Terayama: Performance
“I am a declared opponent of confining art to one genre.” Terayama once said. A great example of this was his acclaimed happening Nokku (Stuk puk, 1975), a series of performances that took place in various parts of Tokyo. A theater in which there are no actors and a theater where everyone is an actor, a theater without a theater building and a theater where every place is a theatrical space, a theater without spectators and a theater where everyone plays the role of spectator, street theater, theater by post and telephone, theater in hidden rooms and, finally, theater that crosses the threshold into homes. The audience will experience something like this during special live screenings of the Japanese artist’s two best-known short films, Laura and The Trial, where the boundary between truth and fiction is completely blurred.
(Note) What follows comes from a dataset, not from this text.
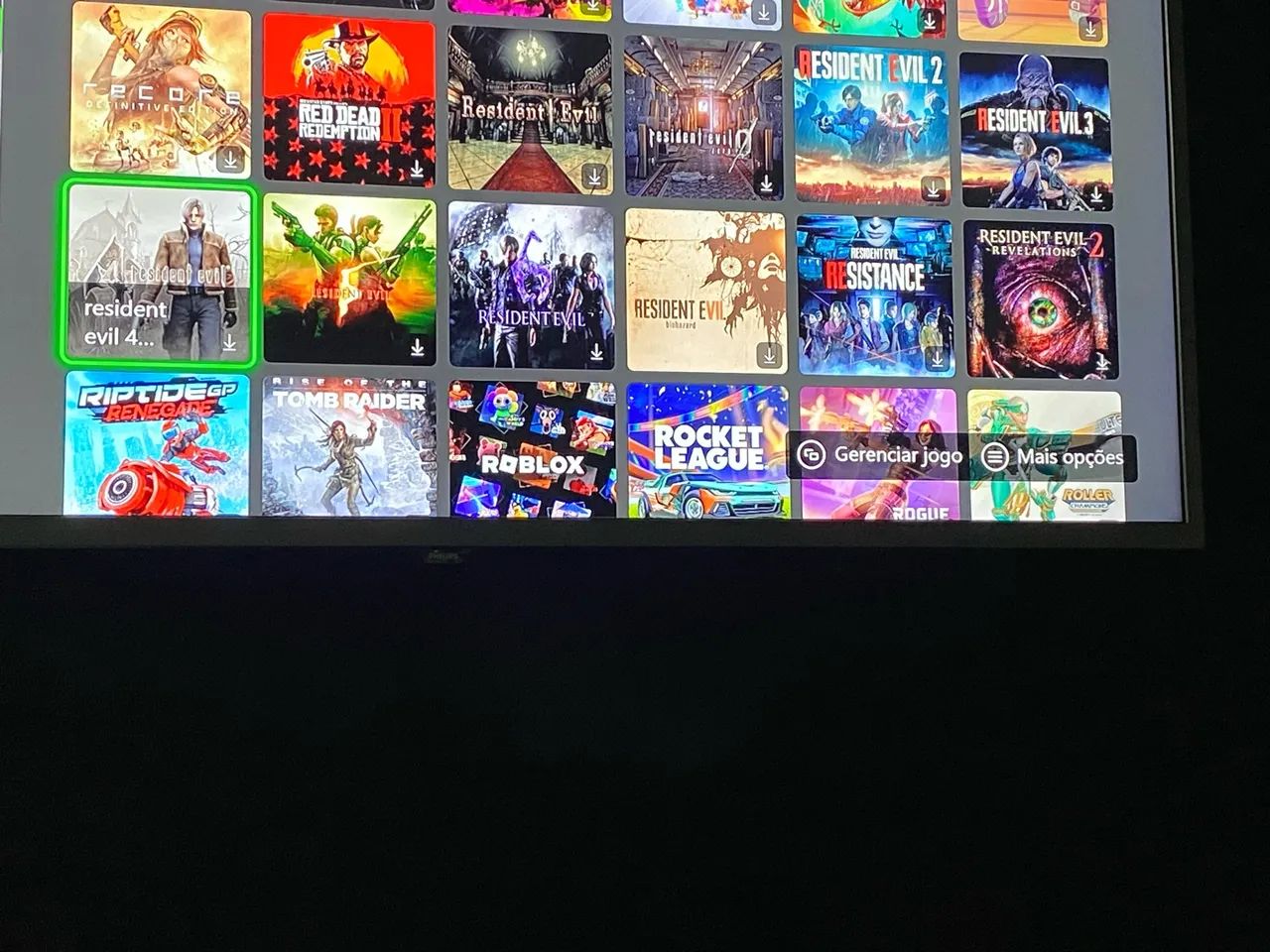 Xbox One s com jogos  - Foto 3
And so we meet in the cinema again, this time without knowing what’s going to happen—someone next to us might suddenly put their hand on our knee or unexpectedly pop out of the screen, and sometimes we’ll have to grab a hammer and take matters into our own hands. Henriku Morisaki-Terayama, a former Tenjo Sajiki actor and the artist’s step-brother and heir to his artistic estate, will be our special guest.